They drive prejudices and mindsets. The role of the CFO as the conscience and ultimate protector of the organisation highlights the importance of examining the values-based culture they cultivate.

The results reveal that Kenyan CFOs have higher-than-global-average scores for valuing Science (more analytic, data-driven decision-making), Affiliation (more networking, teamwork and belonging) and Security (more structure, order and predictability) and lower scores for Altruism (helping and serving others).

The comparison of Kenyan CFOs to senior finance executives shows no significant differences, and one can argue that a shared set of drivers leads to a homoginisation of values amongst finance executives.

Leaders often fail because they depend too much on what made them successful in the past. They need the learning agility to take on the behaviours required for success in new situations, and this is especially true in the world of finance which is evolving into a diverse, complex and multi-faceted profession. What else is needed to ensure prolonged success? Should today’s emphasis on finance skills, predictability, and low-relationship focus continue in a world of increasing complexity and ambiguity?

The New P&L

The results from this study confirm in many ways the increasing awareness by professional finance and accounting bodies that the successful, business focused CFOs of tomorrow need to be effective organisational leaders to help businesses to develop new and alternative propositions, but are grounded in a financial reality that enables them to challenge objectives.

Senior Finance Executives need to move beyond being “finance gurus”. To succeed as a CFO, it is critical to develop strong, positive relationships and establish trust across a network of people at different levels.

Korn Ferry research reveals that 40% of executives fail in their first 18 months in a new role. The reason is not lack of skill, but an issue of fit. For CFOs, beyond pure finance and accounting matters, they need to have the leadership skills and people insights. For executive search it highlights the importance of assessment of additional metrics of leadership characteristics, leadership style, thinking style and emotional competencies.

Beyond CFO

In 2015, Korn Ferry published a similar study on the traits and attributes of CFOs compared to CEOs globally, and concluded that CFOs must move beyond technical left-brain skills and develop more competencies in people- and relationship-oriented right-brain areas.

It found that CEOs have other desirable qualities including dealing with ambiguity and complexity, being reflective and insightful and social leadership traits that reflect extroversion and ability to interact fluidly with diverse groups of people.

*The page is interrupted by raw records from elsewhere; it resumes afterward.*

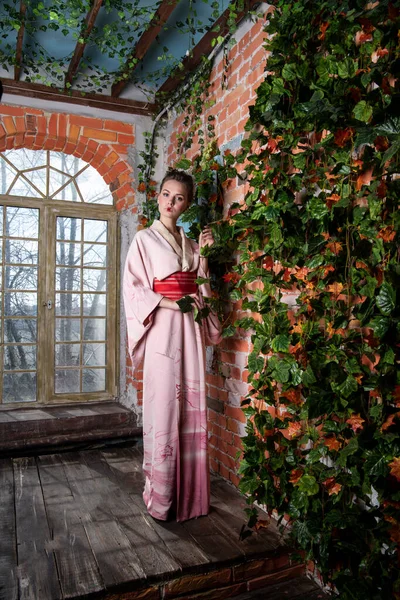 Meisje Roze Japanse Kimono Een Achtergrond Van Bloemen — Stockfoto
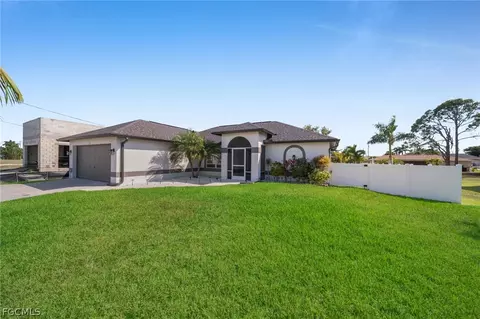 2614 Embers Pkwy W, Cape Coral, FL 33993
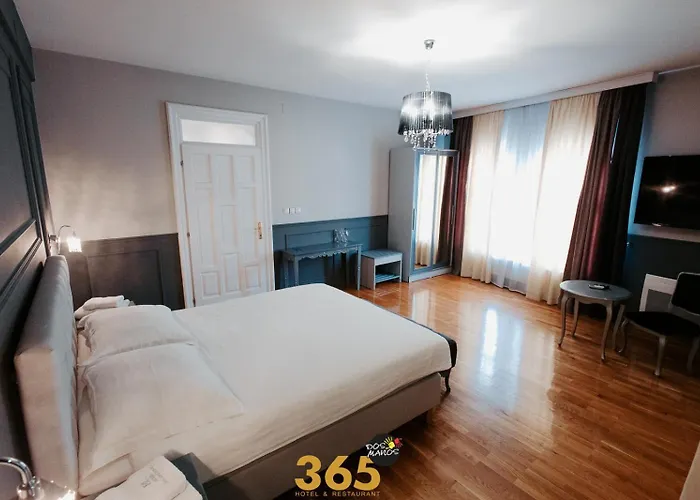 365 Dos Manos Hotel 3*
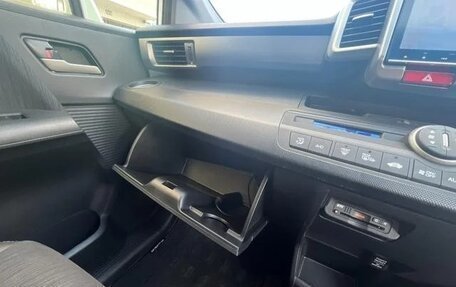 Honda Freed I, 2015 год, 974 000 рублей, 33 фотография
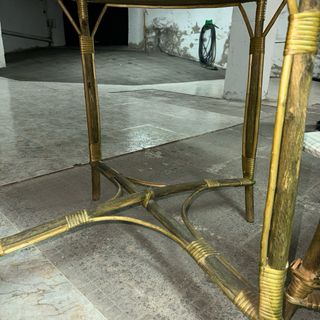 Mesa y 2 sillas de mimbre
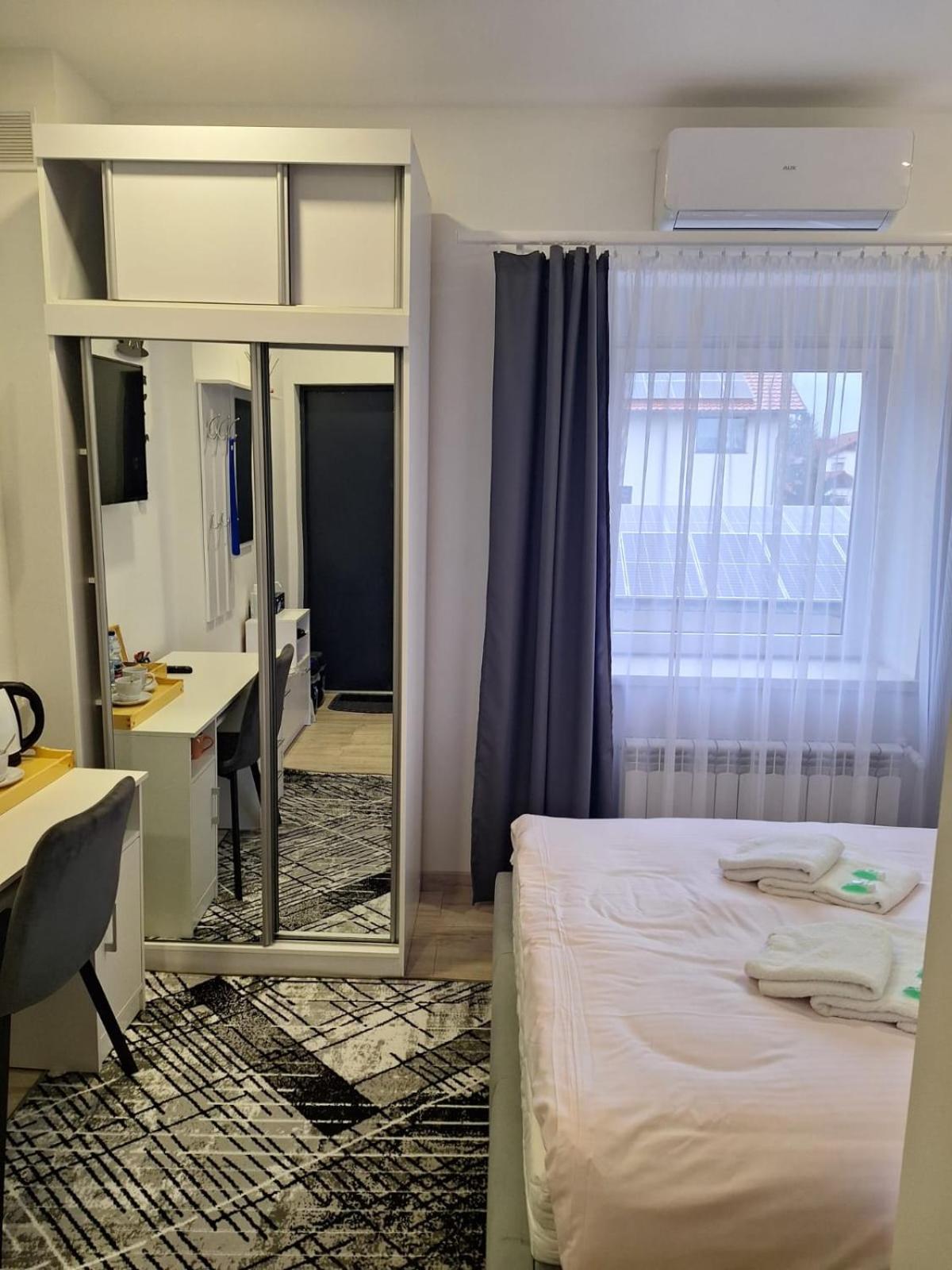 Comfort Stay, Ev, Parking Болеславец Екстериор снимка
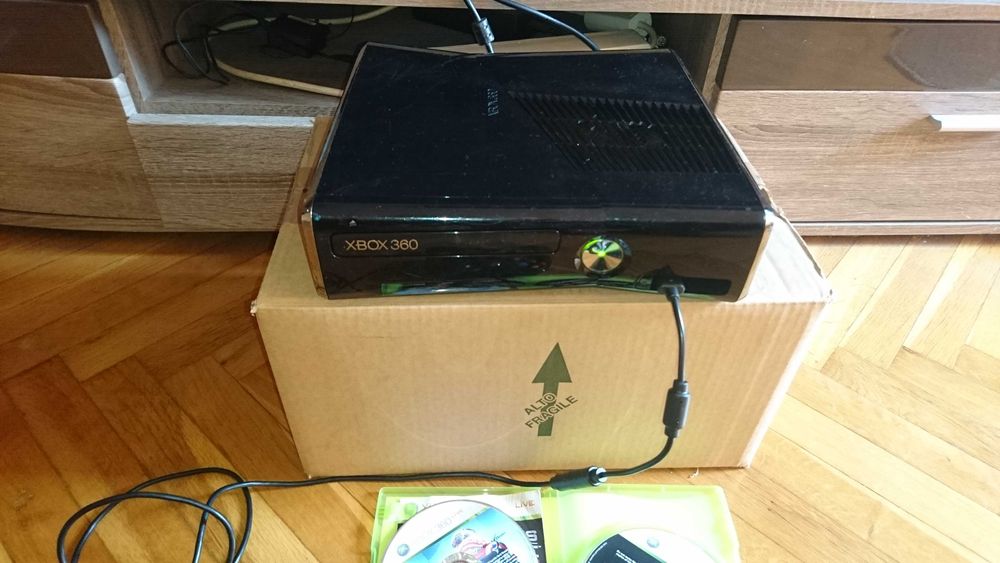 Конзола Xbox 360 slim
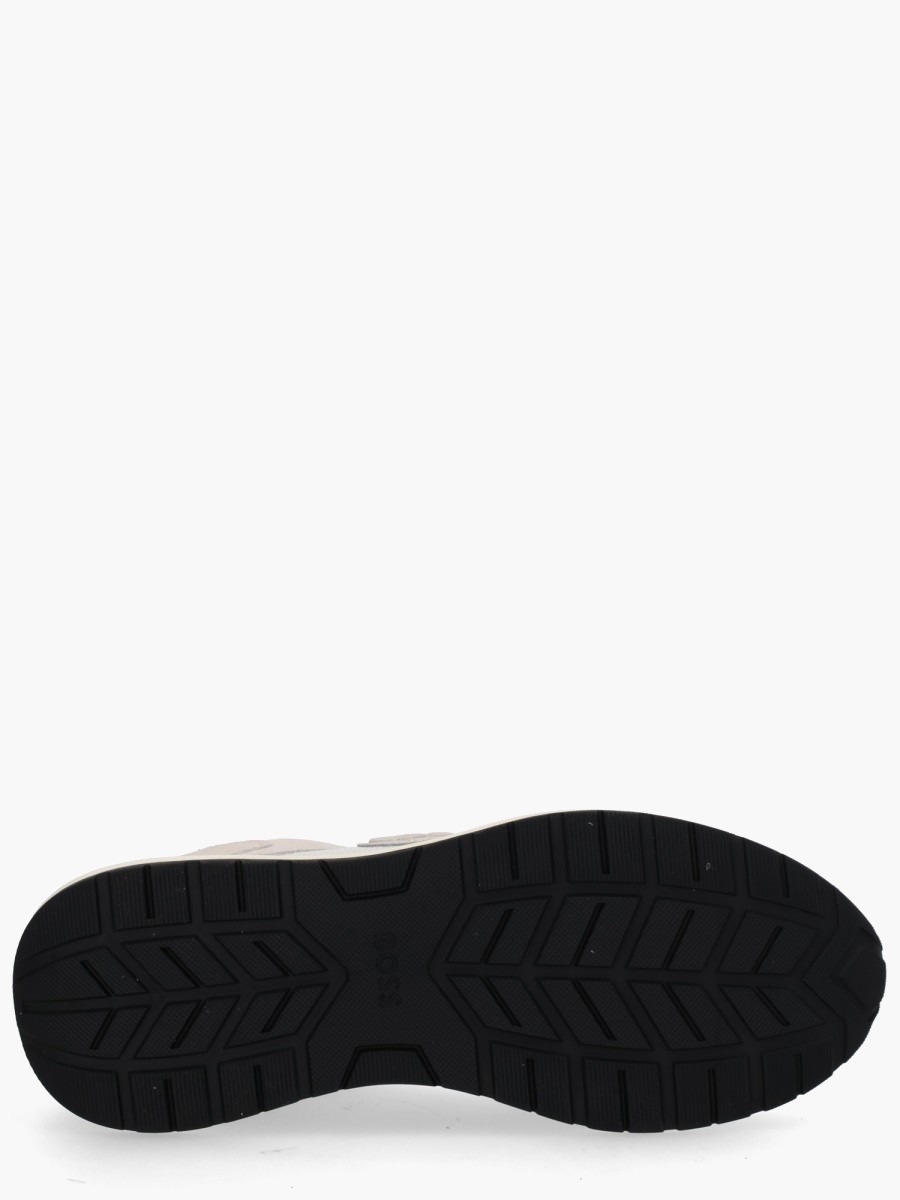 nanito_source_url:https://nokinstyle.com/2342463/monogrammed-sneaker.jpg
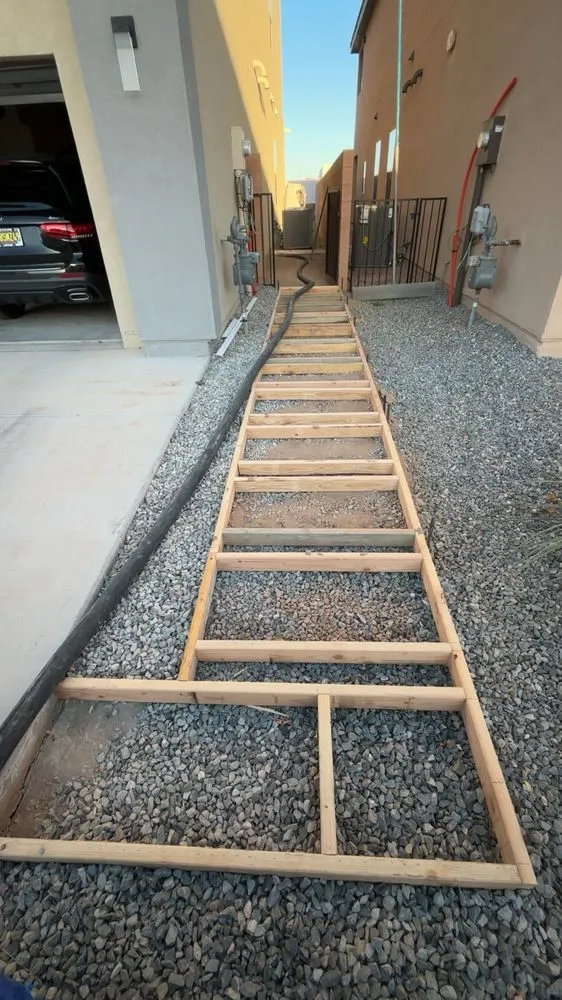 Custom outdoor landscaping in Albuquerque, NM - GoScapes Landscape & Lawn Care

CFOs who want to move ahead must seize the opportunity to gain new skills. This begins with the self-awareness needed to move beyond what is comfortable to develop the requisite broader array of leadership strengths. CFOs who desire to stay ahead of the curve and develop into tomorrow’s CFO need to surround themselves with the right people, be strong evaluators of talent and be social leaders.

Conclusion

The issue of leadership in CFOs has never been more crucial. My conversations with CEOs and Boards reflect this concern.

Companies are looking beyond mere technical prowess, quality of decision-making and strategic mindset. Instead, they are looking for the intangible qualities for those individuals who can handle the unknowns that lie just around the bend, who bring not only experience but also the abilities and instincts to see around the corners.

Our research over the last decade, on hiring senior finance executives, highlights the importance of personality on organisation success, and the need to utilize this stable and effective predictor of performance in the hiring process. Assessments that go beyond subject matter expertise and technical skills to uncover the social leadership, empathy, influence as well as ‘dark side’ tendencies are essential in finding the next successful CFO.

A Practical Guide to Hiring CFO

Career Connections research reveals that while CFOs, Controllers and Managers have the intellectual traits organisations are looking for, they often fall short on the relationship and leadership skills companies expect from them. Here are some suggestions for improving your chances of hiring CFOs.

  • Take a hard look at your current finance talent and assess them to determine their interpersonal and participative leadership traits demonstrated by best-in-class CFOs.
  • Identify and address significant gaps in their skills and behaviours compared to what the organisation expects.
  • Ensure the scope of training and development of finance executives incorporates broader interpersonal capabilities and skills especially on increasing interpersonal self-awareness and a more collaborative leadership style.
  • Proactively engage executive search firms to better understand the market, particularly in relation to supplying relevant candidates for CFOs and other finance leadership roles.